Par jugement du tribunal d’arrondissement de Luxembourg du 22 juillet 1998, Monsieur MOURAO SALGADO SANTOS fut condamné à une peine d’emprisonnement de 18 mois, dont 6 mois assortis du sursis, pour avoir 1. a.) de manière illicite, fait usage d’un stupéfiant et de l’avoir pour son usage personnel, transporté, détenu et acquis à titre onéreux, en l’espèce une quantité indéterminée d’héroïne, b.) de manière illicite, importé et vendu des stupéfiants, en l’espèce d’avoir importé une quantité indéterminée d’héroïne, mais au moins environ 60 grammes d’héroïne par semaine et d’en avoir vendu la moitié, c.) en vue d’un usage par autrui, de manière illicite, transporté, détenu et acquis à titre onéreux un stupéfiant, en l’espèce une quantité indéterminée d’héroïne par semaine et notamment 12,3 grammes le 10.02.1998; 2. le 10 mars 1998 à Luxembourg, d’avoir résisté avec violence envers les agents de la force publique, agissant pour l’exécution des lois, en l’espèce d’avoir opposé une résistance matérielle à l’action de l’autorité et d’avoir empêché l’inspecteur M.C. et le brigadier-chef S.R. d’accomplir la mission dont ils étaient chargés, à savoir procéder à l’arrestation et au contrôle de José MOURAO SALGADO SANTOS.

Sur base des articles 5 à 7 de la loi du 28 mars 1972 concernant 1. l'entrée et le séjour des étrangers; 2. le contrôle médical des étrangers; 3. l'emploi de la main d'oeuvre étrangère, telle que modifiée par la suite, le ministre de la Justice prit le 21 janvier 1999 un arrêté motivé par la condamnation pénale du 22 juillet 1998 et par le fait que par son comportement, Monsieur MOURAO SALGADO SANTOS constituerait un danger pour l’ordre et la sécurité publics, pour lui refuser la carte d’identité d’étranger et il fut invité à quitter le pays.

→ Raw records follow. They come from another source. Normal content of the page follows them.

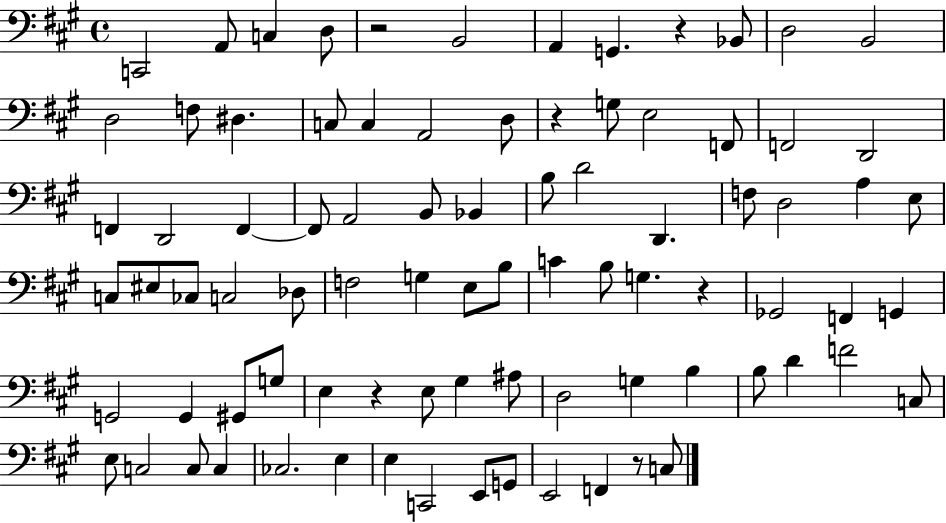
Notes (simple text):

C2/h A2/e C3/q D3/e R/h B2/h A2/q G2/q. R/q Bb2/e D3/h B2/h D3/h F3/e D#3/q. C3/e C3/q A2/h D3/e R/q G3/e E3/h F2/e F2/h D2/h F2/q D2/h F2/q F2/e A2/h B2/e Bb2/q B3/e D4/h D2/q. F3/e D3/h A3/q E3/e C3/e EIS3/e CES3/e C3/h Db3/e F3/h G3/q E3/e B3/e C4/q B3/e G3/q. R/q Gb2/h F2/q G2/q G2/h G2/q G#2/e G3/e E3/q R/q E3/e G#3/q A#3/e D3/h G3/q B3/q B3/e D4/q F4/h C3/e E3/e C3/h C3/e C3/q CES3/h. E3/q E3/q C2/h E2/e G2/e E2/h F2/q R/e C3/e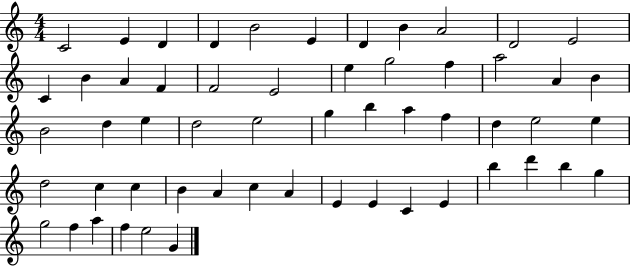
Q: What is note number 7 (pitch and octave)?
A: D4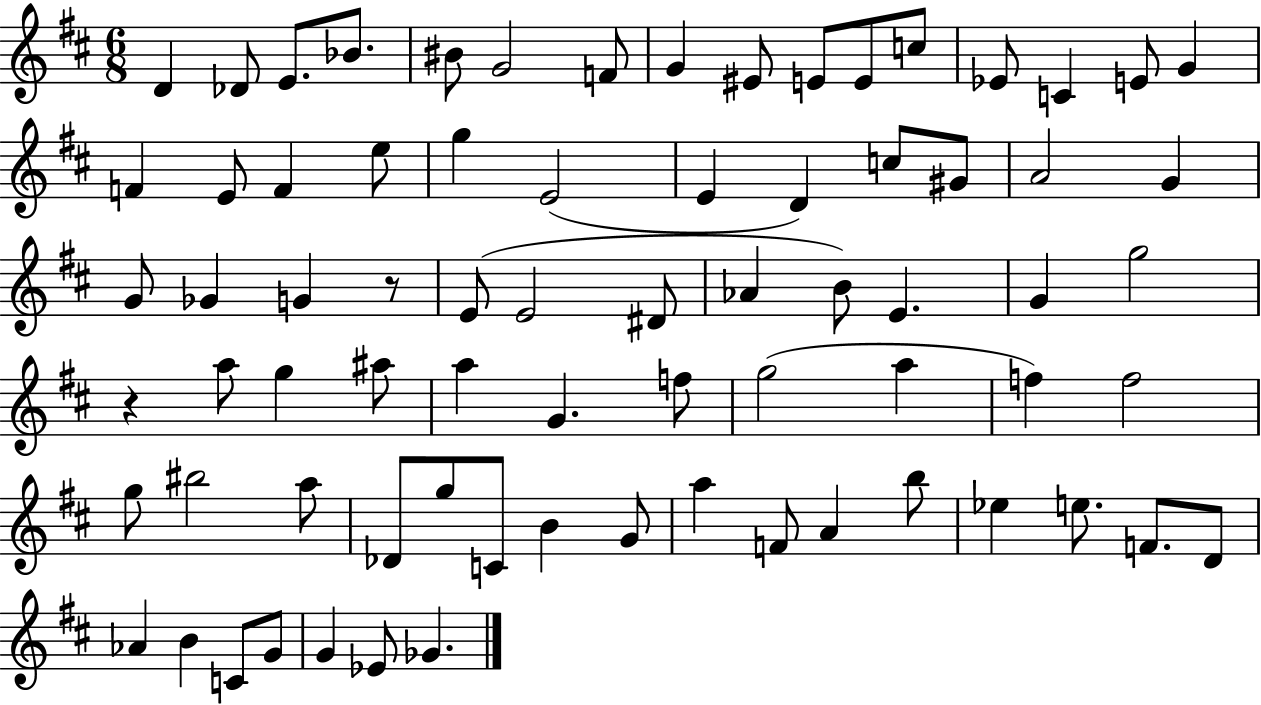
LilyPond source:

{
  \clef treble
  \numericTimeSignature
  \time 6/8
  \key d \major
  d'4 des'8 e'8. bes'8. | bis'8 g'2 f'8 | g'4 eis'8 e'8 e'8 c''8 | ees'8 c'4 e'8 g'4 | \break f'4 e'8 f'4 e''8 | g''4 e'2( | e'4 d'4) c''8 gis'8 | a'2 g'4 | \break g'8 ges'4 g'4 r8 | e'8( e'2 dis'8 | aes'4 b'8) e'4. | g'4 g''2 | \break r4 a''8 g''4 ais''8 | a''4 g'4. f''8 | g''2( a''4 | f''4) f''2 | \break g''8 bis''2 a''8 | des'8 g''8 c'8 b'4 g'8 | a''4 f'8 a'4 b''8 | ees''4 e''8. f'8. d'8 | \break aes'4 b'4 c'8 g'8 | g'4 ees'8 ges'4. | \bar "|."
}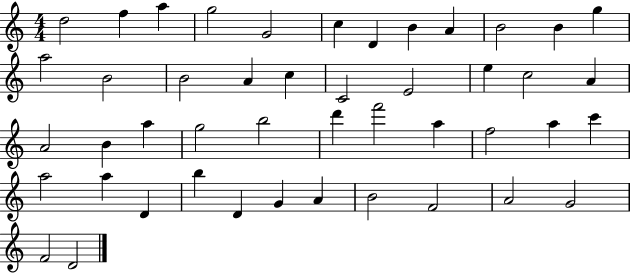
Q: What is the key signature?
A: C major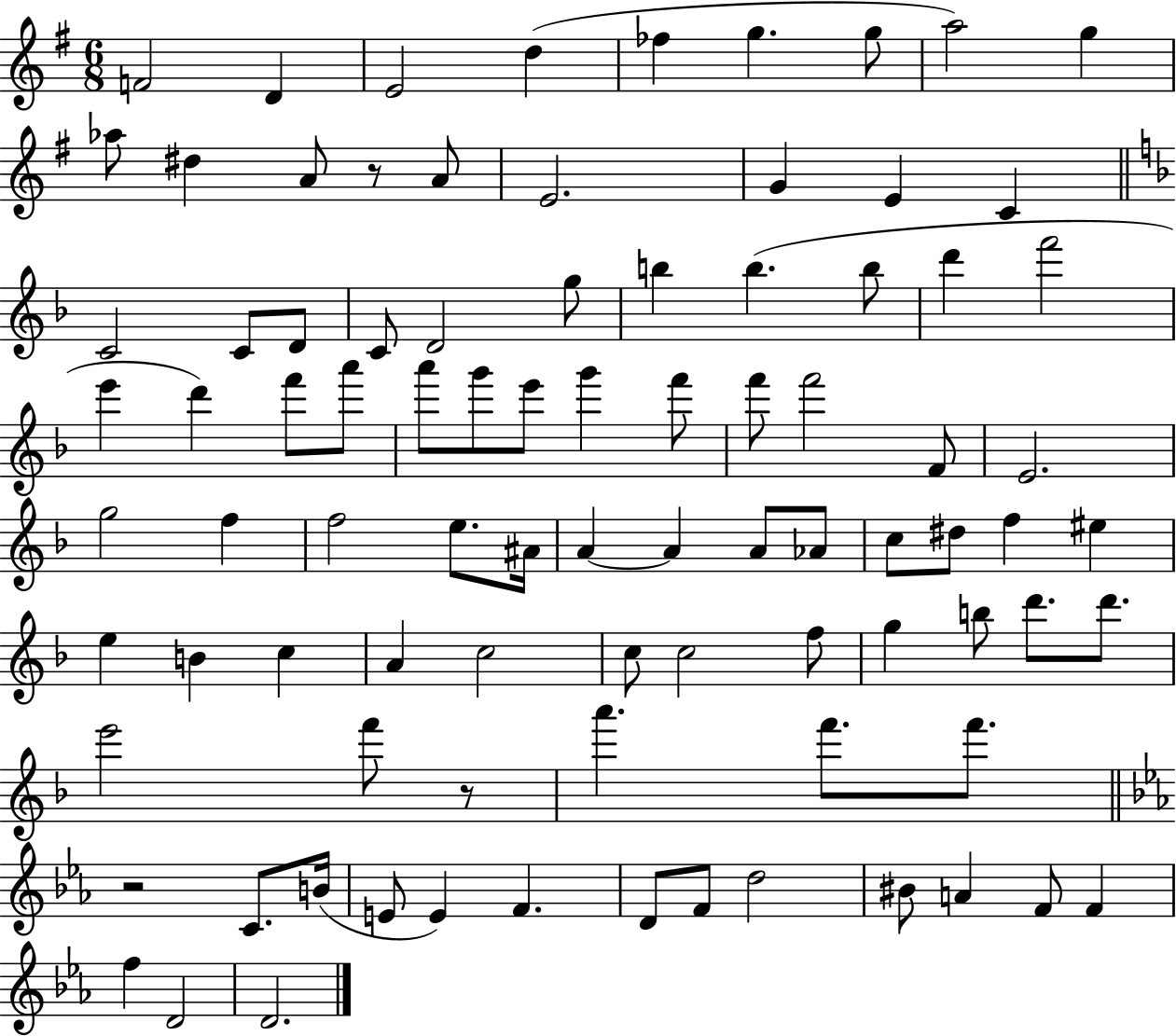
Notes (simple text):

F4/h D4/q E4/h D5/q FES5/q G5/q. G5/e A5/h G5/q Ab5/e D#5/q A4/e R/e A4/e E4/h. G4/q E4/q C4/q C4/h C4/e D4/e C4/e D4/h G5/e B5/q B5/q. B5/e D6/q F6/h E6/q D6/q F6/e A6/e A6/e G6/e E6/e G6/q F6/e F6/e F6/h F4/e E4/h. G5/h F5/q F5/h E5/e. A#4/s A4/q A4/q A4/e Ab4/e C5/e D#5/e F5/q EIS5/q E5/q B4/q C5/q A4/q C5/h C5/e C5/h F5/e G5/q B5/e D6/e. D6/e. E6/h F6/e R/e A6/q. F6/e. F6/e. R/h C4/e. B4/s E4/e E4/q F4/q. D4/e F4/e D5/h BIS4/e A4/q F4/e F4/q F5/q D4/h D4/h.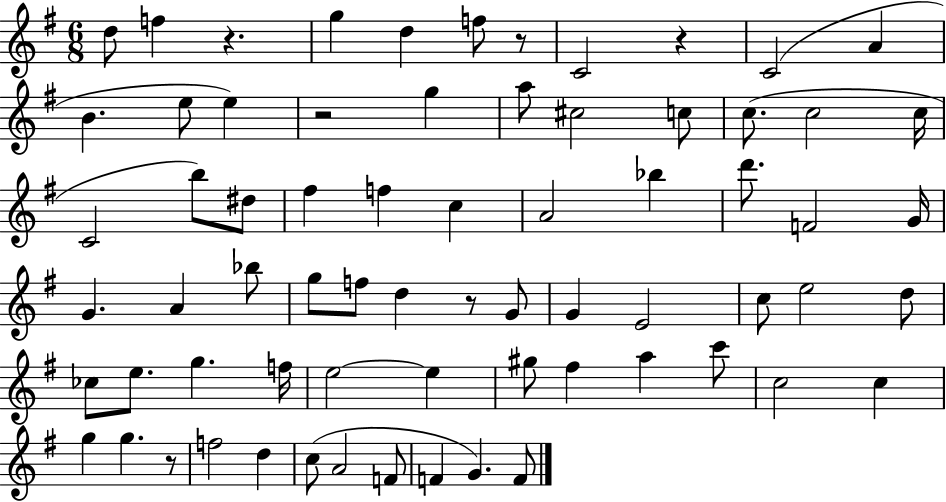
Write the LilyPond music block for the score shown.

{
  \clef treble
  \numericTimeSignature
  \time 6/8
  \key g \major
  \repeat volta 2 { d''8 f''4 r4. | g''4 d''4 f''8 r8 | c'2 r4 | c'2( a'4 | \break b'4. e''8 e''4) | r2 g''4 | a''8 cis''2 c''8 | c''8.( c''2 c''16 | \break c'2 b''8) dis''8 | fis''4 f''4 c''4 | a'2 bes''4 | d'''8. f'2 g'16 | \break g'4. a'4 bes''8 | g''8 f''8 d''4 r8 g'8 | g'4 e'2 | c''8 e''2 d''8 | \break ces''8 e''8. g''4. f''16 | e''2~~ e''4 | gis''8 fis''4 a''4 c'''8 | c''2 c''4 | \break g''4 g''4. r8 | f''2 d''4 | c''8( a'2 f'8 | f'4 g'4.) f'8 | \break } \bar "|."
}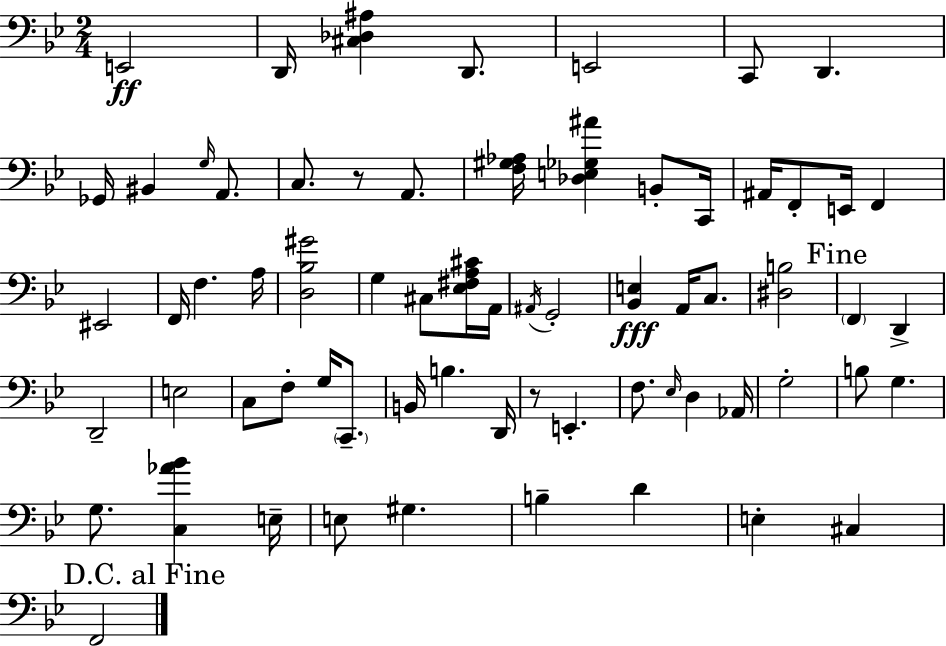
E2/h D2/s [C#3,Db3,A#3]/q D2/e. E2/h C2/e D2/q. Gb2/s BIS2/q G3/s A2/e. C3/e. R/e A2/e. [F3,G#3,Ab3]/s [Db3,E3,Gb3,A#4]/q B2/e C2/s A#2/s F2/e E2/s F2/q EIS2/h F2/s F3/q. A3/s [D3,Bb3,G#4]/h G3/q C#3/e [Eb3,F#3,A3,C#4]/s A2/s A#2/s G2/h [Bb2,E3]/q A2/s C3/e. [D#3,B3]/h F2/q D2/q D2/h E3/h C3/e F3/e G3/s C2/e. B2/s B3/q. D2/s R/e E2/q. F3/e. Eb3/s D3/q Ab2/s G3/h B3/e G3/q. G3/e. [C3,Ab4,Bb4]/q E3/s E3/e G#3/q. B3/q D4/q E3/q C#3/q F2/h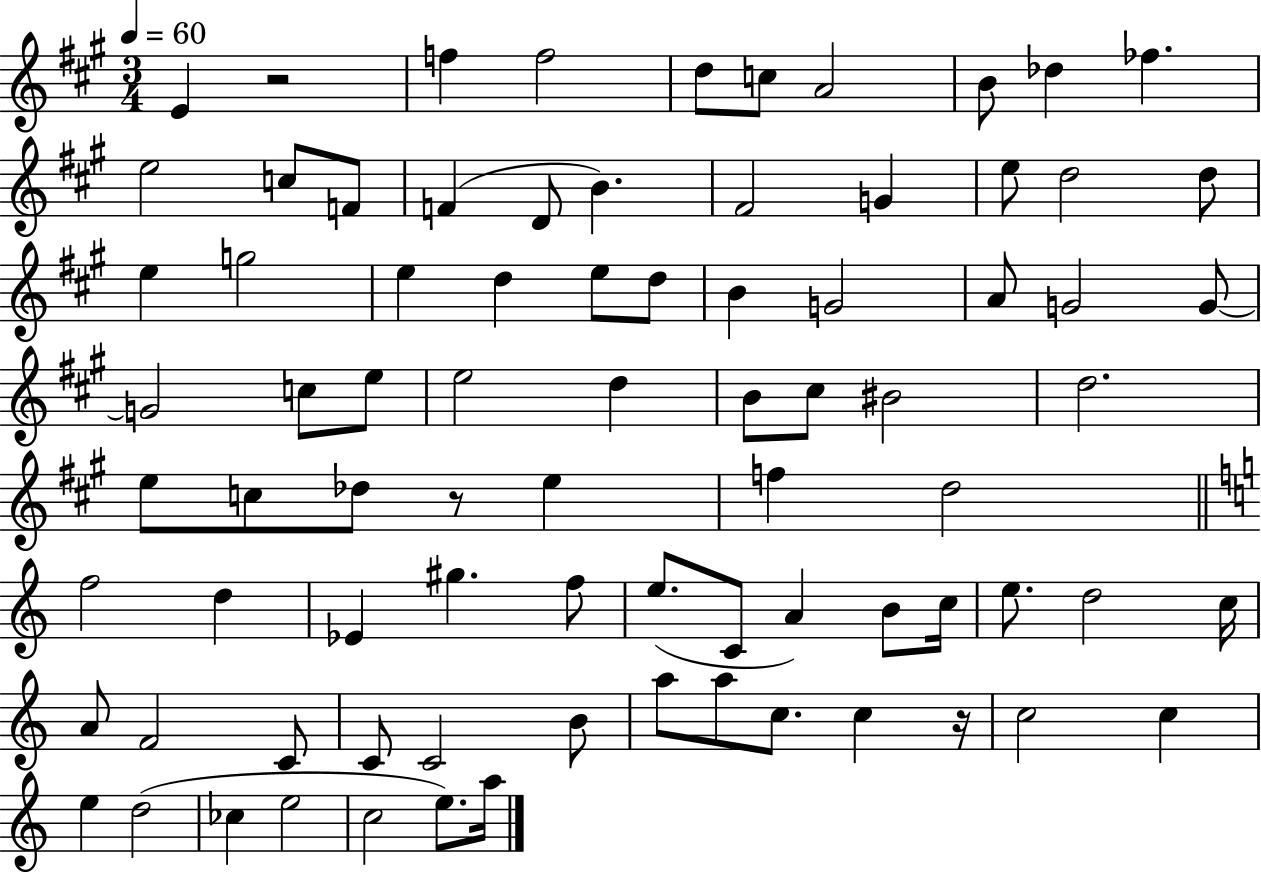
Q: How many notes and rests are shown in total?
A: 81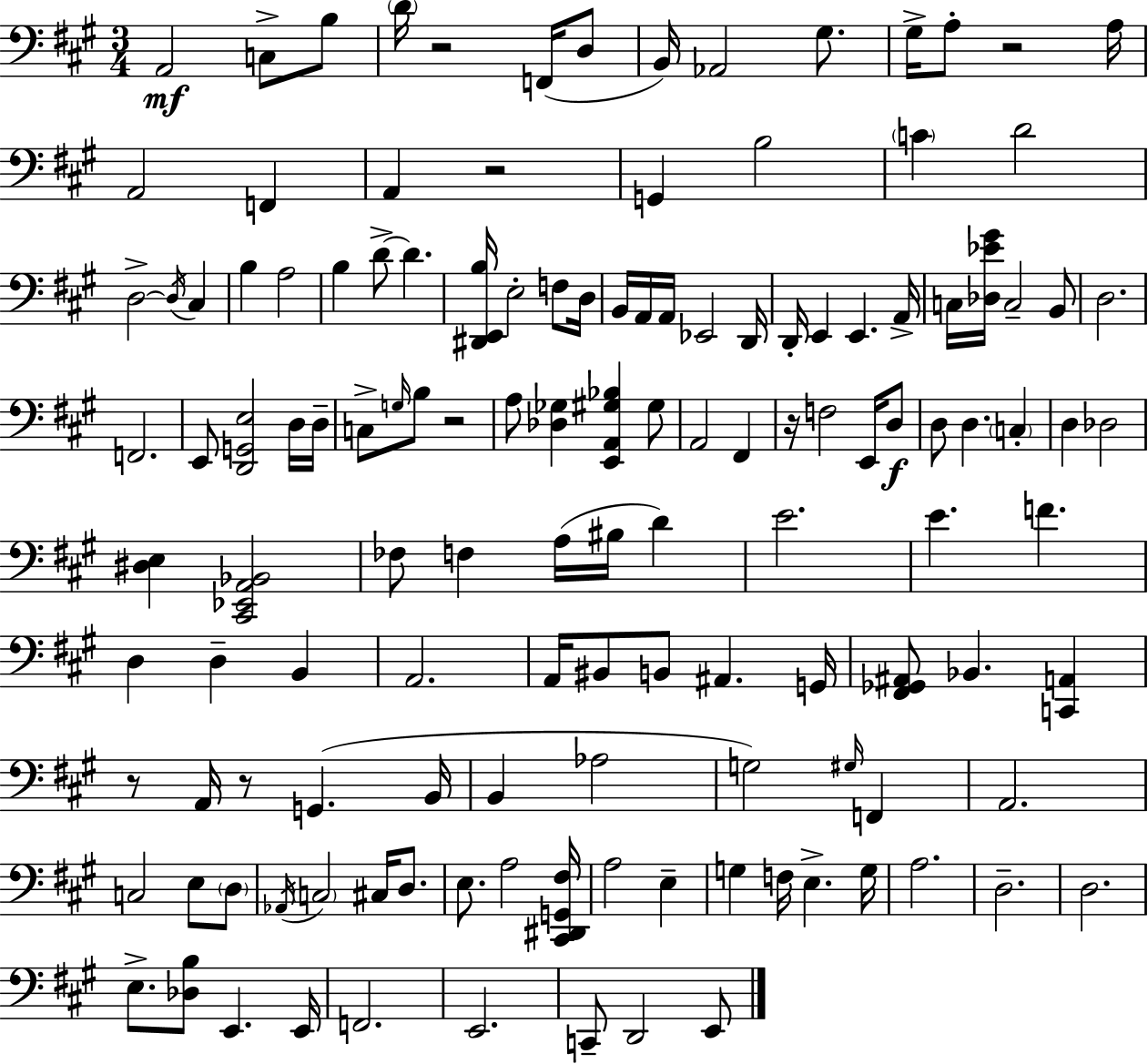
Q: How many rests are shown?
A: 7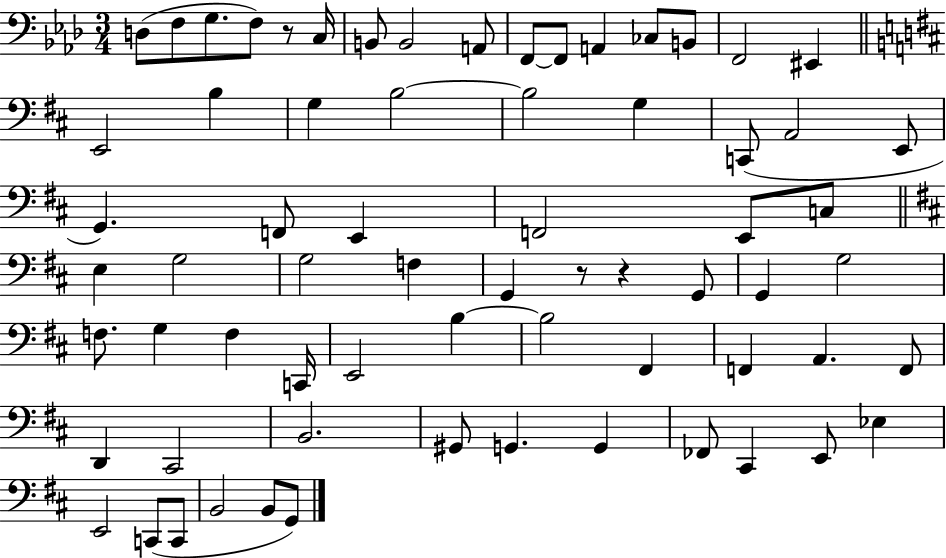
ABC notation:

X:1
T:Untitled
M:3/4
L:1/4
K:Ab
D,/2 F,/2 G,/2 F,/2 z/2 C,/4 B,,/2 B,,2 A,,/2 F,,/2 F,,/2 A,, _C,/2 B,,/2 F,,2 ^E,, E,,2 B, G, B,2 B,2 G, C,,/2 A,,2 E,,/2 G,, F,,/2 E,, F,,2 E,,/2 C,/2 E, G,2 G,2 F, G,, z/2 z G,,/2 G,, G,2 F,/2 G, F, C,,/4 E,,2 B, B,2 ^F,, F,, A,, F,,/2 D,, ^C,,2 B,,2 ^G,,/2 G,, G,, _F,,/2 ^C,, E,,/2 _E, E,,2 C,,/2 C,,/2 B,,2 B,,/2 G,,/2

Par requête déposée le 25 février 1999, Monsieur MOURAO SALGADO SANTOS a introduit un recours tendant principalement à la réformation et subsidiairement à l’annulation de l’arrêté ministériel précité du 21 janvier 1999, notifié en date du 31 janvier 1999, lui refusant la délivrance d’une carte d’identité d’étranger et lui enjoignant de quitter le pays un mois après la notification dudit arrêté et en cas de détention, immédiatement après la mise en liberté.

Par requête séparée déposée également le 25 février 1999, Monsieur MOURAO SALGADO SANTOS a introduit un recours tendant au sursis à exécution de la décision précitée du ministre de la Justice du 21 janvier 1999.

A l’appui de son recours, le demandeur fait exposer qu’au début du mois de novembre 1998, il avait été transféré du Centre pénitentiaire de Schrassig au Centre pénitentiaire agricole de Givenich, ce transfert en régime de semi-liberté étant justifié par sa conduite exemplaire, et que par la suite des congés pénaux lui auraient été accordés pour lui permettre de rechercher un emploi. En décembre 1998, il se serait inscrit comme demandeur d’emploi auprès de l'administration de l’Emploi, étant donné qu’il était prévu de le mettre en liberté le 5 mars 1999 et qu’il souhaitait s’installer « définitivement au Grand-Duché de Luxembourg pour fonder une famille propre et pour reprendre un emploi ».

2 Le demandeur soulève d’abord le « non-respect du principe du contradictoire et des droits de la défense », au motif que le ministre de la Justice ne lui aurait pas fourni la possibilité d’intervenir dans l’élaboration de la décision lui ayant refusé l’octroi d’une carte d’identité d’étranger. A ce titre, il estime que l’exigence de communiquer les motifs à la base de la décision litigieuse impliquerait notamment, de la part de l’Etat, une communication à l’intéressé au moment même où la mesure restrictive prise à son égard lui a été notifiée, des motifs précis et complets de la décision, en vue de le mettre en mesure d’assurer utilement sa défense.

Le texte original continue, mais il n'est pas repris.